Однако именно в этом и состояла хитрость Октавиана: он хотел поймать царицу в ловушку ее собственной гордости, ее презрения. Ибо, игнорируя слух, пришедший из Рима, Клеопатра тем самым признавала, что она именно такова, какой ее рисует этот слух: владычица, которая без ума от самой себя, опьяненная собственным высокомерием, спесивая до такой степени, что отказывается признавать очевидное превосходство Волчицы над всеми народами ойкумены.
Так из-за одного лишь молчания царицы Октавиан получил решающее преимущество; и, незаметно для нее самой, стал подводить ее к тому, что было ему нужно: к войне, в которой надеялся нанести окончательное поражение и ей, и своему сопернику.
* * *
Это сразу же понял Антоний, когда в начале осени вернулся к Клеопатре, возобновив свой союз с мидийским царем и завершив усмирение Армении. Обнаружив, до какой степени разрослись слухи, и, очевидно, раздраженный их подлым характером, он решил нанести ответный удар и отправил Октавиану письмо, исполненное редкостной ярости и настолько злое, что оно — исключительный случай! — бережно хранилось последующими поколениями и дошло до наших дней.
По прошествии двух тысяч лет нас все еще поражает его полная раскованность, но никаких сомнений в подлинности этого документа нет. Впрочем, Антоний никогда не стеснялся прямо говорить то, что думает. «С чего ты озлобился? — грубо обращается он ко второму владыке мира. — Оттого, что я живу с царицей? Но она моя жена, и не со вчерашнего дня, а уже девять лет. А ты как будто живешь с одной Друзиллой? Будь мне неладно, если ты, пока читаешь это письмо, не переспал со своей Тертуллой, или Терентиллой, или Руфиллой, или Сальвией Титизенией, или со всеми сразу, — да и не все ли равно в конце концов, где и с кем ты путаешься?»[104]
Атака должна была сильно уязвить соперника: Антоний напоминает здесь о Ливии Друзилле, которую Октавиан соблазнил шесть лет назад, когда эта молодая женщина была замужем за другим и ходила на шестом месяце беременности. Октавиан женился на ней, потом постоянно ей изменял; но Ливия, которая была так же умна и амбициозна, как и ее муж, закрывала на это глаза и виртуозно играла роль матроны стародавних времен — занималась домашним хозяйством, прядением и ткачеством, была живым примером возвращения к древним традициям, к легендарным обычаям предков и к их нравственным нормам, которые Октавиан намеревался возродить в римском обществе (и которые сам не соблюдал — по крайней мере в том, что касалось его любовных похождений).
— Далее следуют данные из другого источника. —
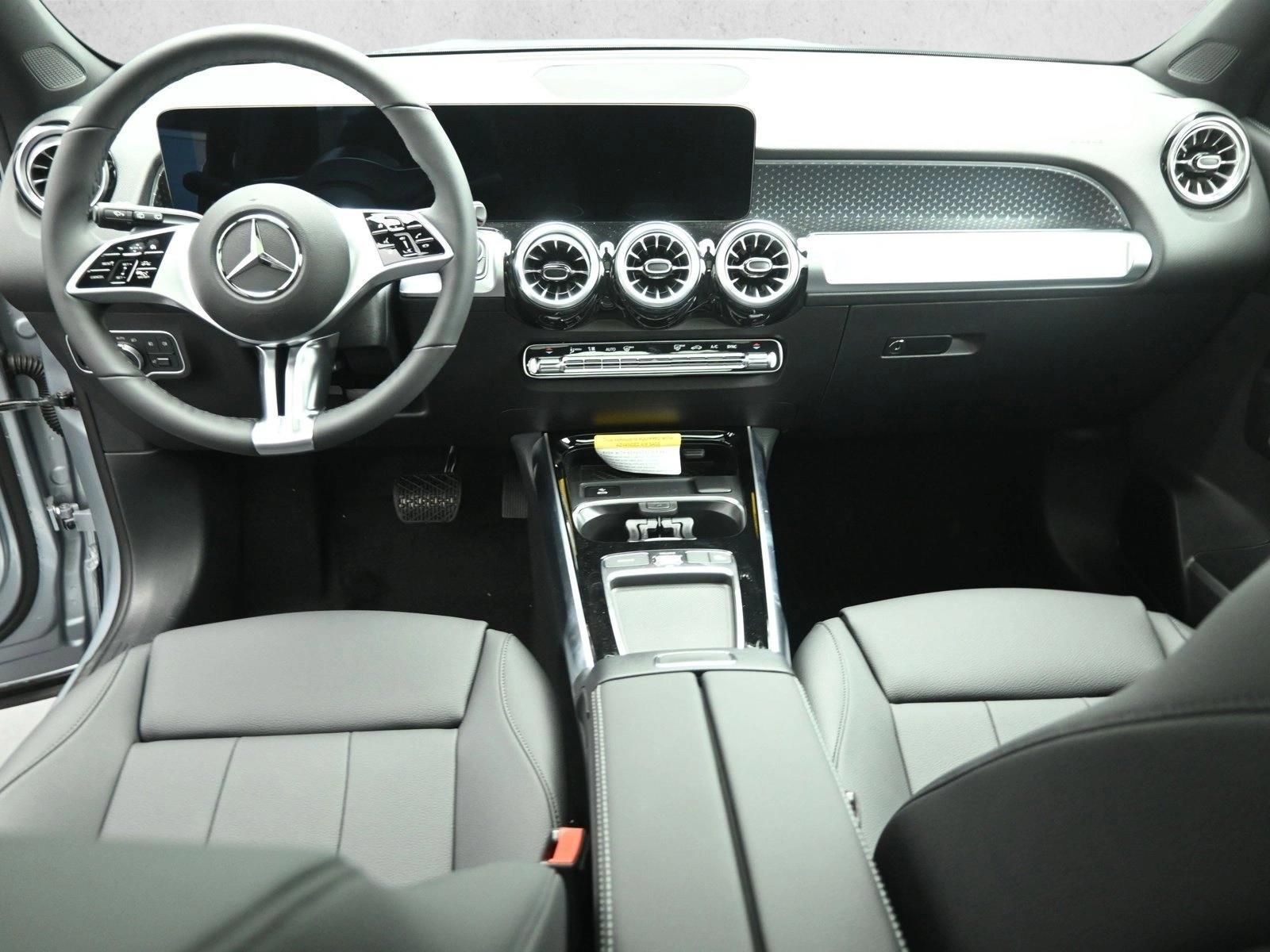 Thumbnail: 2026 Mercedes-Benz GLB - 4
Таким образом, Ливия была одним из главных политических козырей Октавиана. И он почувствовал себя задетым за живое; а Антоний, как только это понял, уже не оставлял в покое больное место своего врага; видимо, той же зимой — которую он провел в Эфесе, вместе с Клеопатрой, — Антоний написал направленный против Октавиана памфлет «О моем пьянстве».
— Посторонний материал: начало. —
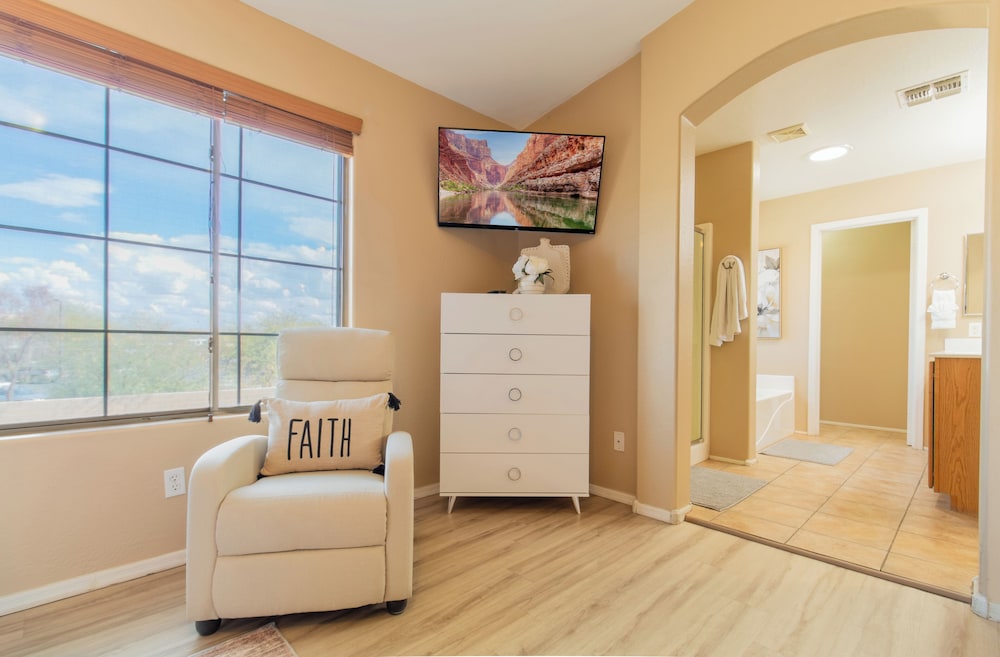 Casa Alessia 4BR Home & Heated Pool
Попытался ли он объяснить в этом сочинении то, что не смогла или не захотела объяснить Клеопатра: мистический и философский аспекты своего культа Диониса? Или же просто ответил — в саркастическом тоне и свободно употребляя непристойные словечки — на те клеветнические обвинения, которыми на протяжении многих месяцев осыпал его Октавиан? Мы никогда этого не узнаем, ибо текст памфлета не сохранился — несомненно, потому, что, одержав победу, Октавиан приказал его уничтожить. Как бы то ни было, скорее всего, именно находясь в Эфесе, Антоний решил наносить своему шурину такие же низкие удары, какие сам от него получал.